Segment Start: Supplied information
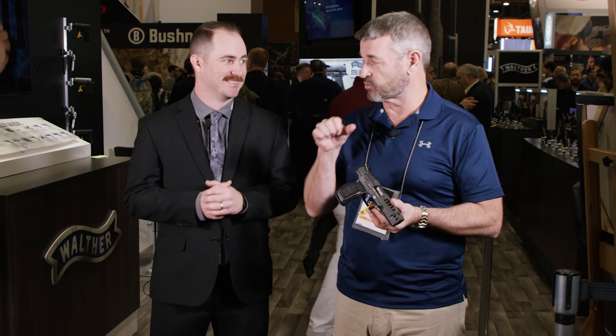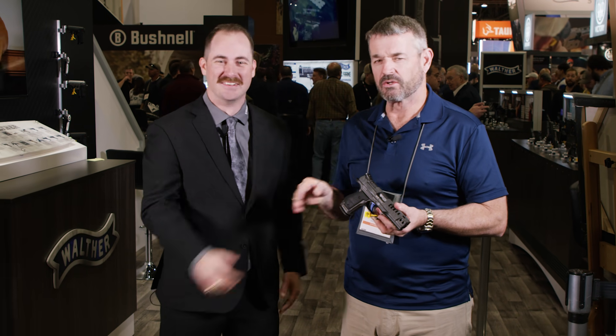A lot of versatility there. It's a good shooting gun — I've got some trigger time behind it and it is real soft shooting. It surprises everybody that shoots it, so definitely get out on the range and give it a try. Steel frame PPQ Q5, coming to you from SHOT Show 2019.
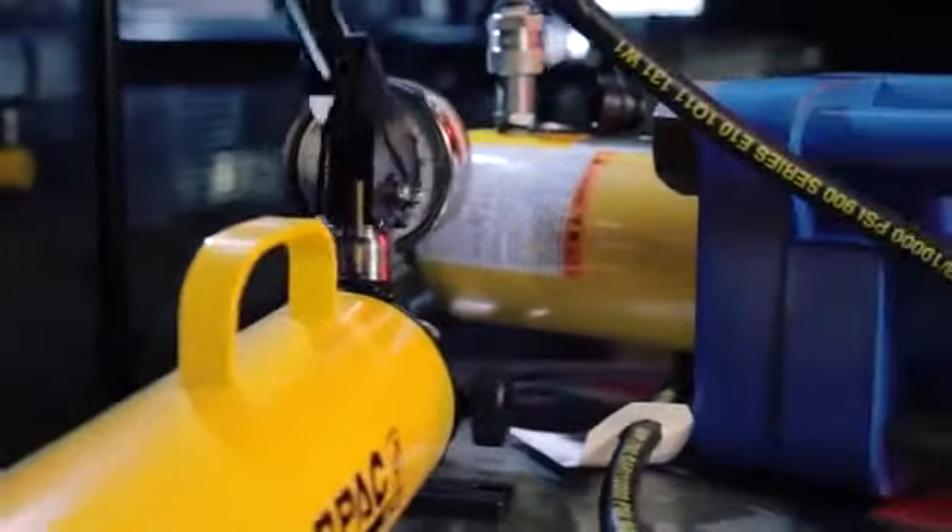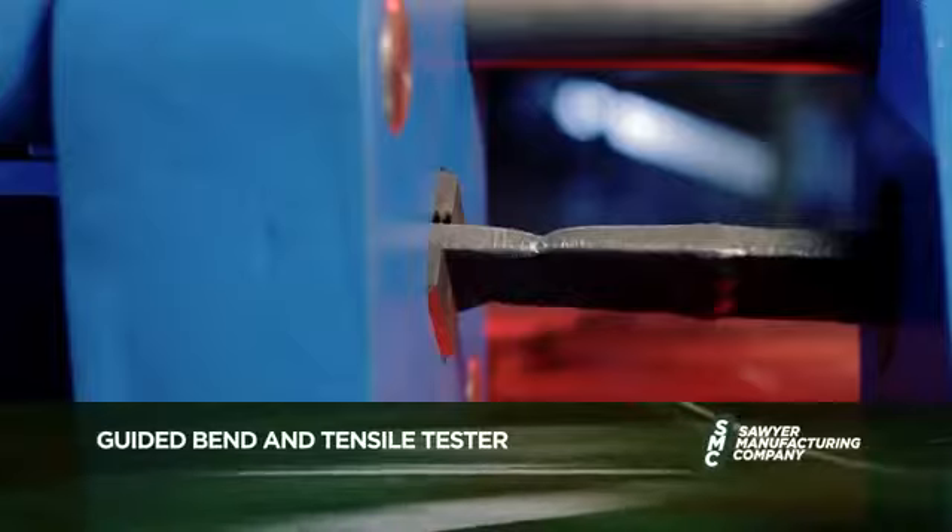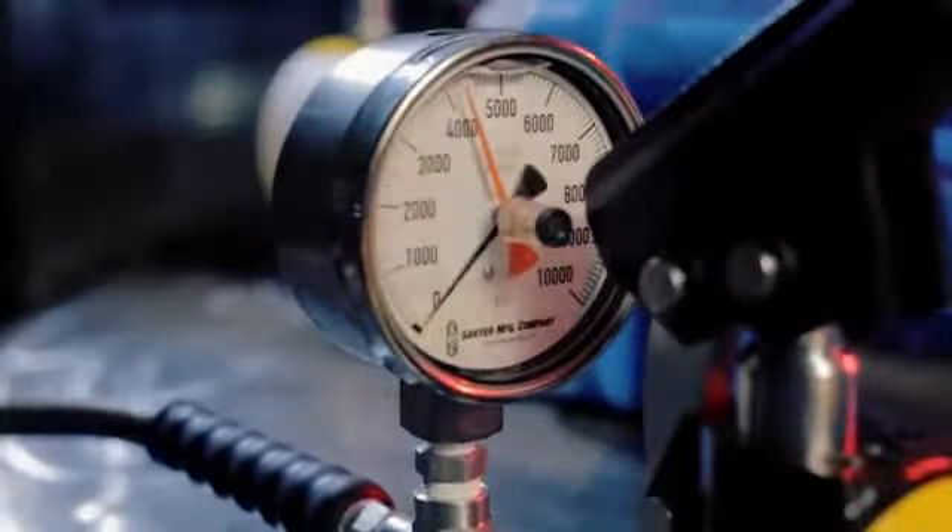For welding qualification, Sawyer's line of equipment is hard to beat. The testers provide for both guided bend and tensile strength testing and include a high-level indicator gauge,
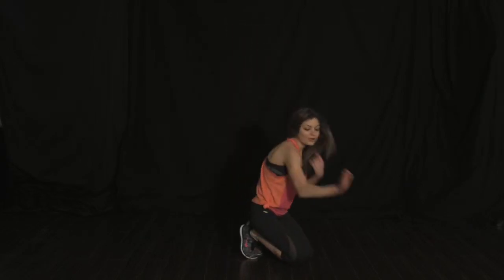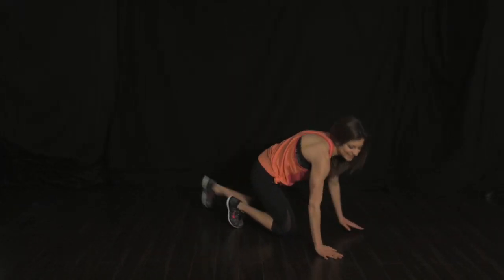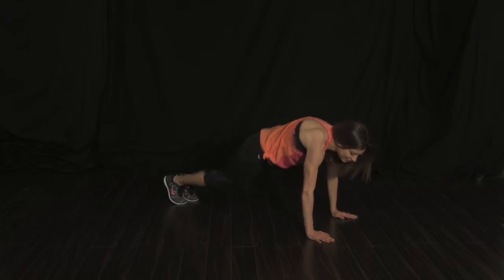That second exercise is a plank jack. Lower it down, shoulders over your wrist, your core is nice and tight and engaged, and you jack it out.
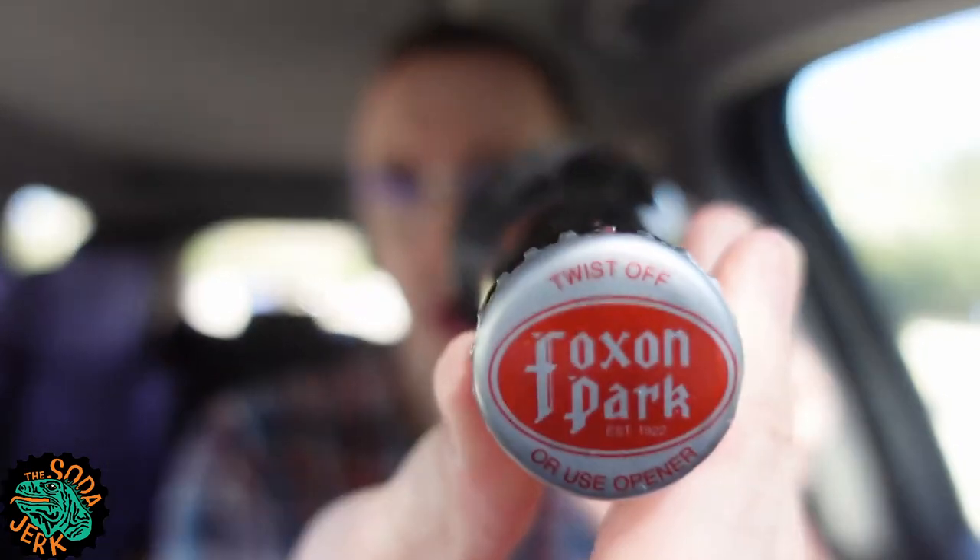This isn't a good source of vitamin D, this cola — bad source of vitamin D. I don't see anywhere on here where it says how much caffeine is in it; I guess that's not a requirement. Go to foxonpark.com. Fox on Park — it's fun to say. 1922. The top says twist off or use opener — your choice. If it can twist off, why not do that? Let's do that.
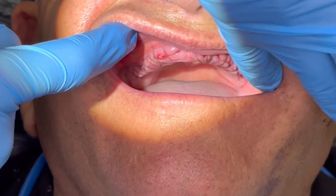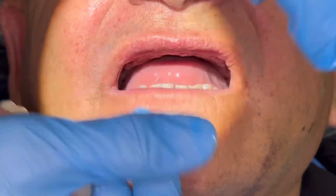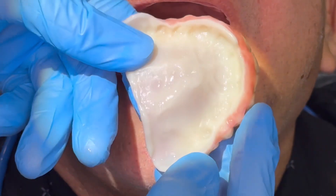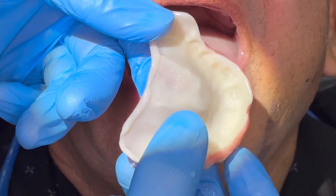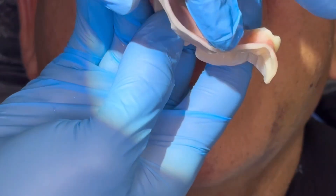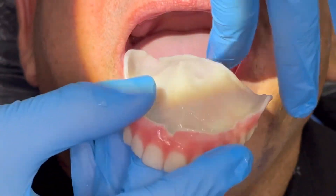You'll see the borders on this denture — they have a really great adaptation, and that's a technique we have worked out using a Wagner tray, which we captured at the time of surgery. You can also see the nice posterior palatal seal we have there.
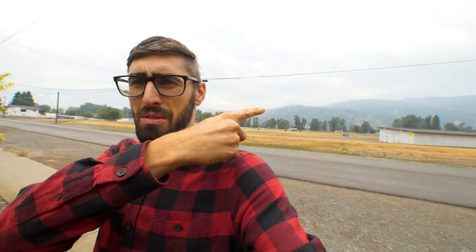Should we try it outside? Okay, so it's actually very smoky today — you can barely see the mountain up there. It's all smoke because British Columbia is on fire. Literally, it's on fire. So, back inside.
Segment End: Supplied information
▶ [Your goal] Where a picture appears, omit it, and otherwise retype the material exactly.

▶ [Reply to the task]
A lot of versatility there. It's a good shooting gun — I've got some trigger time behind it and it is real soft shooting. It surprises everybody that shoots it, so definitely get out on the range and give it a try. Steel frame PPQ Q5, coming to you from SHOT Show 2019.
For welding qualification, Sawyer's line of equipment is hard to beat. The testers provide for both guided bend and tensile strength testing and include a high-level indicator gauge,
That second exercise is a plank jack. Lower it down, shoulders over your wrist, your core is nice and tight and engaged, and you jack it out.
This isn't a good source of vitamin D, this cola — bad source of vitamin D. I don't see anywhere on here where it says how much caffeine is in it; I guess that's not a requirement. Go to foxonpark.com. Fox on Park — it's fun to say. 1922. The top says twist off or use opener — your choice. If it can twist off, why not do that? Let's do that.
You'll see the borders on this denture — they have a really great adaptation, and that's a technique we have worked out using a Wagner tray, which we captured at the time of surgery. You can also see the nice posterior palatal seal we have there.
Should we try it outside? Okay, so it's actually very smoky today — you can barely see the mountain up there. It's all smoke because British Columbia is on fire. Literally, it's on fire. So, back inside.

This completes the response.